5.2 Airborne Noise .................................................................................... 7

5.3 Underwater Noise .............................................................................. 8

5.4 Underwater Noise from Dredging ..................................................... 8

5.5 Construction Noise Management ................................................... 10

6.0 OPERATIONAL NOISE ....................................................................... 10

7.0 CONDITIONS OF CONSENT .............................................................. 10

8.0 CONCLUSIONS ................................................................................... 10

APPENDIX A GLOSSARY OF TERMS

APPENDIX B AUP OIP PLANNING MAP

APPENDIX C HYDROPHONE AND RIGGING DETAILS

TABLE OF CONTENTS




1.0 INTRODUCTION

Marshall Day Acoustics (MDA) has been engaged by Panuku Developments Auckland to undertake an assessment of acoustic effects for the proposed extension to the Westhaven Marina breakwater and causeway.
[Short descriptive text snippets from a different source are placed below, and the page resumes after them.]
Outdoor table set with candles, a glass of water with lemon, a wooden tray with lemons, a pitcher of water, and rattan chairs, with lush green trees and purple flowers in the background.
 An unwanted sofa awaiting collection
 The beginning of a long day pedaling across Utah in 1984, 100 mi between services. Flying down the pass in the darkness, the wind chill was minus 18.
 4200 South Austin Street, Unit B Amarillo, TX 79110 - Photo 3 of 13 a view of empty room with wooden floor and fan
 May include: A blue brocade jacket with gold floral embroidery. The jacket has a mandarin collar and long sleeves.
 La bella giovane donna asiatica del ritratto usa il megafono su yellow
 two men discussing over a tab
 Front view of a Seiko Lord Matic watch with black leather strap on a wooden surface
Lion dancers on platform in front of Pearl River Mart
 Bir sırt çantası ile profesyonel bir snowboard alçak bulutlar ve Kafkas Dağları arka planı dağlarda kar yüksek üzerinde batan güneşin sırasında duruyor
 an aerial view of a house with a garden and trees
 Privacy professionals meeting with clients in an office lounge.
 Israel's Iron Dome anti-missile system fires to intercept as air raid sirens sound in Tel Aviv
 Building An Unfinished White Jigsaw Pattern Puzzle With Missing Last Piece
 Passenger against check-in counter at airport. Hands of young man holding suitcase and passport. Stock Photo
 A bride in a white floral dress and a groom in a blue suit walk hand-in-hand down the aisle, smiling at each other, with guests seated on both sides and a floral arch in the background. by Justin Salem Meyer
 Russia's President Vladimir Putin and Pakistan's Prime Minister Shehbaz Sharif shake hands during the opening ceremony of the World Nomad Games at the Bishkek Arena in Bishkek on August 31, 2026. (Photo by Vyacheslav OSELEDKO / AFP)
This report assesses potential airborne and underwater noise associated with the construction and ongoing operation of the marina. The proposed activities are assessed against the relevant legislation, planning rules and existing environment.

Vibration has not been addressed in detail because it is predicted to be negligible, and generally not perceptible, at nearby sensitive receivers during the construction and operation of the facility.

A glossary of acoustic terminology is included in Appendix A.

2.0 PROJECT DESCRIPTION

The proposal includes an extension of the north-western breakwater and causeway (via reclamation) to connect to the north-eastern breakwater (refer Figure 1 and Figure 2), as well as conversion of many existing moorings into new accessible berths. The project is to provide:

• Approximately 6,300m2 of new reclamation:

o 60% will be hardstand used for access ways and 103 additional car parks

o 40% will be used for cultural elements, landscaping and open space

• 117 new marina berths

The reclamation is proposed to be constructed from mudcrete (a mixture of concrete and material dredged from a barge). New berths and promenade piles will likely be drilled, but allowance for vibro and impact piling methods is necessary. The piles are proposed to be either timber or concrete with steel casings.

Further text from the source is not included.